This morning, someone* invited me to join an online recipe exchange. I was to email a favorite quick recipe to name #1, move up name #2 to line #1, add my name to line #2 and mail this request out to 20 of my closest friends. I had to decline, for four reasons. First—twenty friends? I don’t think I’ve ever had that many friends at any one time (perhaps, ever in my life?—nah, let’s not go there, I don’t want to get depressed on a Friday!**). Second, I had a pretty good idea who two other people were on this person’s mailing list, so I’d have to delete them from my list, which would make my friends list even shorter (and more depression-inducing). Third, doesn’t this smack of a Ponzi scheme to you? Maybe we should ask our friend Norman. Or, maybe we shouldn’t (remember, it’s Friday). Fourth, although the sender wisely sent this email out to the internationally known “undisclosed recipients” list, did I really want my email address everywhere and in everybody’s mail program, to be sucked up when a naïve Internet Explorer person got their mail hijacked by a nasty ’bot?***

But just because I didn’t participate in the email exchange, doesn’t mean I can’t share a recipe. So, here is my quick recipe offering.

Fresh Tomato and Corn Soup

Note: This is only worth making when the tomatoes and corn are vine-ripe and local (from your garden or local farmer’s market). DO NOT make this with crappy vegs. You’ll just end up with crappy soup.

2 Tablespoons butter
2 large onions
4 garlic cloves
1-2 ribs celery
1-2 carrots

1. Chop the vegetables, melt the butter, saute them all together until they begin to get brown (10 mins.)

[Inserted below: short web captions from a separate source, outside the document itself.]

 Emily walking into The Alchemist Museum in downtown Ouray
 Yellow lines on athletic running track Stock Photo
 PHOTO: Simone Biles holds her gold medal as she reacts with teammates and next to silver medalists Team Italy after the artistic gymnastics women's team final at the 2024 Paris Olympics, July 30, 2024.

2. While Step 1 is going on, core and cut up:

3 lbs. (5 very large or the equivalent) tomatoes

3. Add to the pot:

those tomatoes
4 cups vegetable broth
1/2 teaspoon sugar
1 teaspoon salt
Generous grinding of fresh pepper

4. Bring to a boil, reduce heat to a burbling simmer and cook 20 minutes.

5. Take pot off the heat, process with a hand-held blender or in a food processor (really, just go out and buy a hand blender. They’re $20 and make your soup-making life so much easier).

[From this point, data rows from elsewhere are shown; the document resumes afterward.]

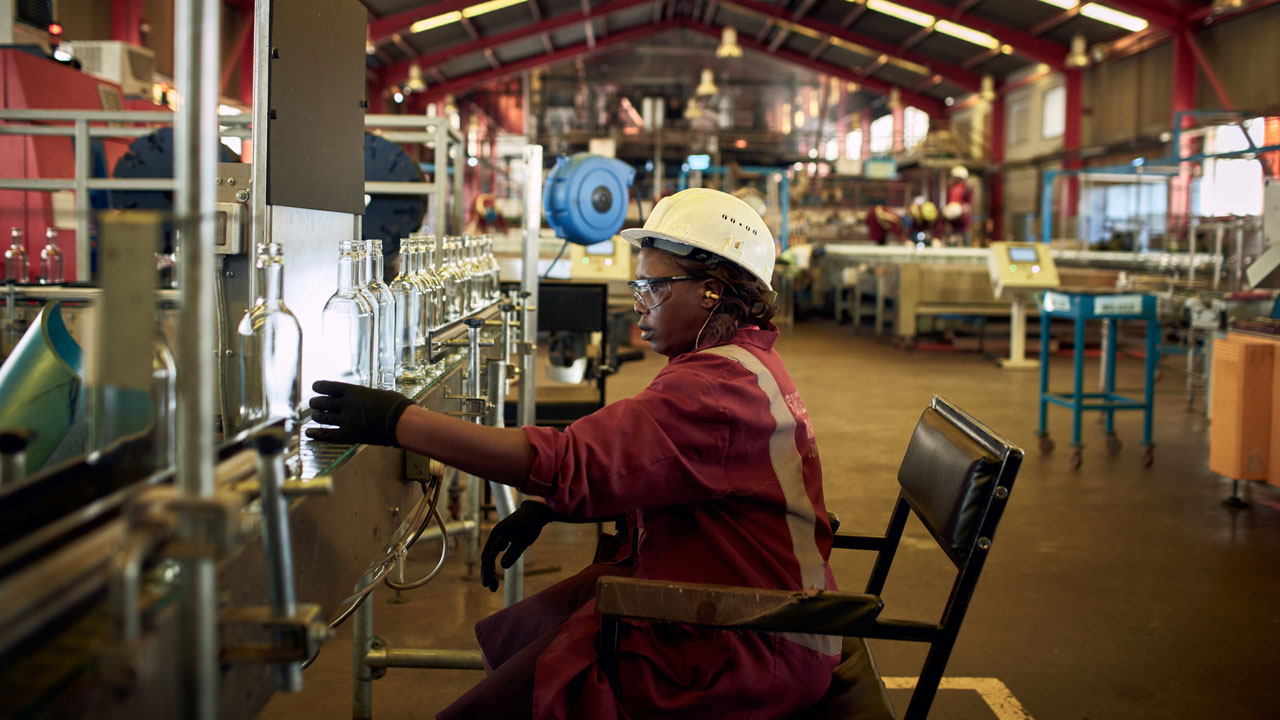 A factory worker wearing a hard hat, inspecting empty glass bottles on an assembly line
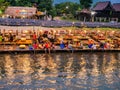 Beautiful view of nam song river with Tourist on riverside restaurant and the mountain in the night at Vangvieng city Lao. Royalty Free Stock Photo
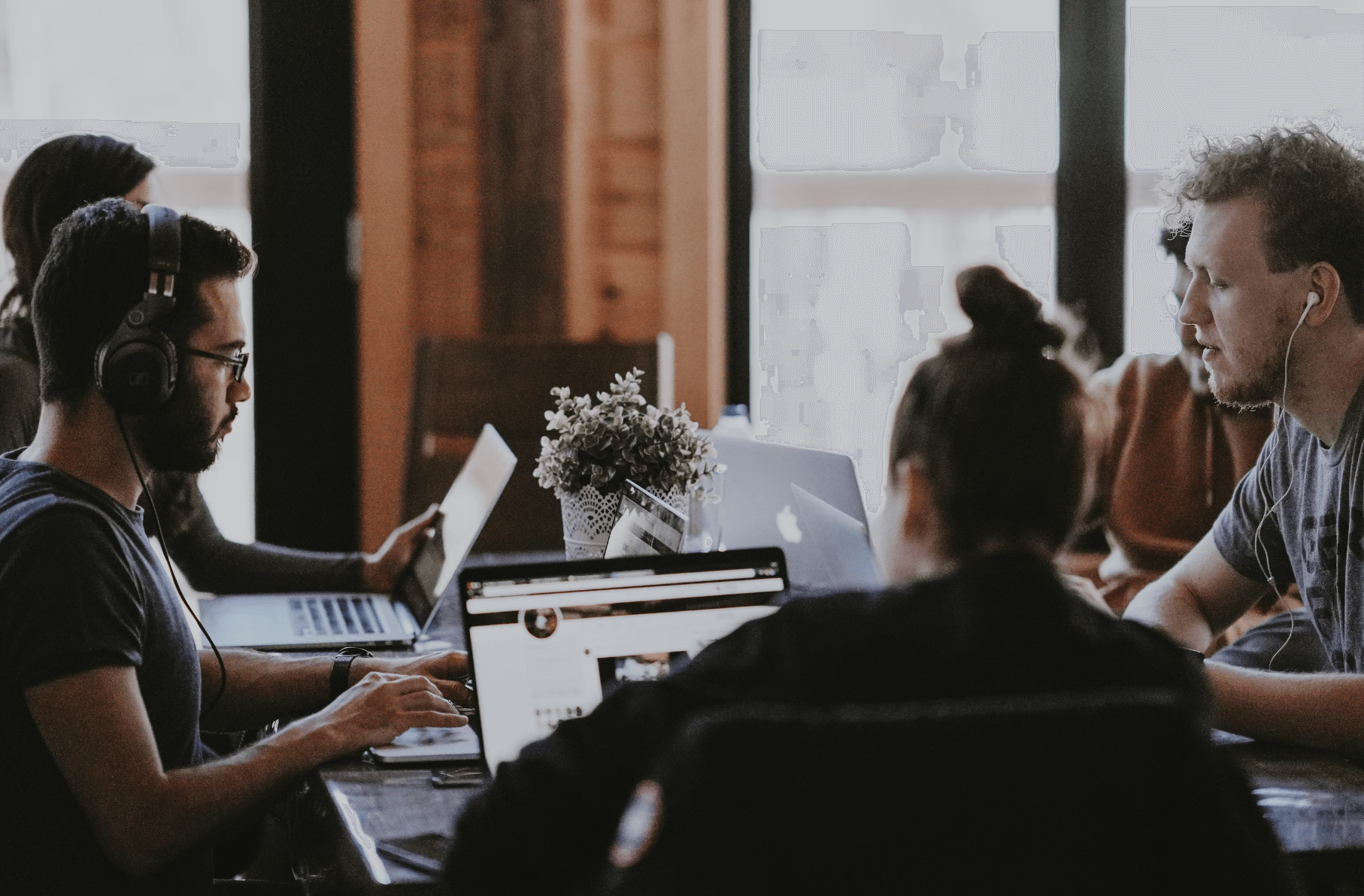 Group of people working on laptops on shared working space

6. Return to the pot, and stir in:

1/2 cup parsley, chopped
the kernels from 2 ears of corn

Enjoy!

NOTES: The heat of the soup will “un-raw-ify” the corn without overcooking it. It’ll still be crunchy when you eat the soup. I love this soup, and if you wish you could make gazpacho with your garden tomatoes, but really don’t like the bitterness of raw garlic and onion, this is a good compromise. The cooking sweetens the onions and garlic, and makes this soup a more palatable choice for non-gazpacho-loving humans. If you have time, make it early and let it cool. That’s good, too.

_________

Now, if you’re feeling a bit depressed that I don’t have more friends, you can go cheer yourself up by watching this YouTube video.****

*Who shall remain Nameless. I don’t want a black eye!*****

**No, no—the correct reply is, “Oh, Imperatrix, it’s just that you go for quality, not quantity!” [pat, pat, pat]

***It’s inevitable. It’s Microsoftworst.

****My sister Cowgirl shared it with her email list yesterday, and I thought it was very funny. I’m not really swiping her find, because 24 hours have passed, so it’s now in the public domain. Also, since she isn’t visiting lately, I bet she won’t even know I’ve used it. Hah. Take that, you non-blog-visiting sibling! (Oh, but she’s not the one who sent the Ponzi scam.) (Not that I’m implying it was Three of Four who sent it, either. Nope.) (It was that Other One. The Nameless One.)

*****Yes, you did! You gave me a black eye! I don’t care that you say it was an accident. Three-year-olds do not “accidentally” punch their peaceful 5-year-old sister in the eye (even if by “punch” I may mean “run one’s head into”).